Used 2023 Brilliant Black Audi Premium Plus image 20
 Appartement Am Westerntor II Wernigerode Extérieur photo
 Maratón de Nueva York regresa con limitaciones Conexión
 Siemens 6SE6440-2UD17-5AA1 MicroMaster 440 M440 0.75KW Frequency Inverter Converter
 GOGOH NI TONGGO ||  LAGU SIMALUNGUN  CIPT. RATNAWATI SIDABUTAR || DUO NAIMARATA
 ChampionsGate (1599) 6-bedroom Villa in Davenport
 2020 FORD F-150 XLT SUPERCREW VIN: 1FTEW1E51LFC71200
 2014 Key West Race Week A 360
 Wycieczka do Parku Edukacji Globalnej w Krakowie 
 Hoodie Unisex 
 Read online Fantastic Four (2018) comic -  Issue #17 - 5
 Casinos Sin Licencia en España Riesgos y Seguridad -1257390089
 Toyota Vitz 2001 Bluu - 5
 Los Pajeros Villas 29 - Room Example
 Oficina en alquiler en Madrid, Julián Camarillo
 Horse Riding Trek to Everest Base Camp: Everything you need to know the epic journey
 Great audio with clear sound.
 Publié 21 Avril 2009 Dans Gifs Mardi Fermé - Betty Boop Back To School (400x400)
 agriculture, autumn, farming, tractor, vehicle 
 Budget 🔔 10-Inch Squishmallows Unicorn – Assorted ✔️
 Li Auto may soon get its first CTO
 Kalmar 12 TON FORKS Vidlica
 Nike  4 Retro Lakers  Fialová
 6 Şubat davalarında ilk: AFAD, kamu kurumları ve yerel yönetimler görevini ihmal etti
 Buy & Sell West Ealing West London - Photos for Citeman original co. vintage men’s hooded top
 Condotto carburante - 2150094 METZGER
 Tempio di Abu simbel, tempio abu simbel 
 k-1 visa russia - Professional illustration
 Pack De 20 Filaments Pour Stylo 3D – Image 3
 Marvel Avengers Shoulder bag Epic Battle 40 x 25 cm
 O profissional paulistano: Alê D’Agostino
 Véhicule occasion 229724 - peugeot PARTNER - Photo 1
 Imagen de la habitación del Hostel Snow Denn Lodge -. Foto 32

Directions for this task
Exactly the lines from the one containing "Li Auto may soon get its first CTO" through the end of the records should be reproduced, and no others.

Response area
 Li Auto may soon get its first CTO
 Kalmar 12 TON FORKS Vidlica
 Nike  4 Retro Lakers  Fialová
 6 Şubat davalarında ilk: AFAD, kamu kurumları ve yerel yönetimler görevini ihmal etti
 Buy & Sell West Ealing West London - Photos for Citeman original co. vintage men’s hooded top
 Condotto carburante - 2150094 METZGER
 Tempio di Abu simbel, tempio abu simbel 
 k-1 visa russia - Professional illustration
 Pack De 20 Filaments Pour Stylo 3D – Image 3
 Marvel Avengers Shoulder bag Epic Battle 40 x 25 cm
 O profissional paulistano: Alê D’Agostino
 Véhicule occasion 229724 - peugeot PARTNER - Photo 1
 Imagen de la habitación del Hostel Snow Denn Lodge -. Foto 32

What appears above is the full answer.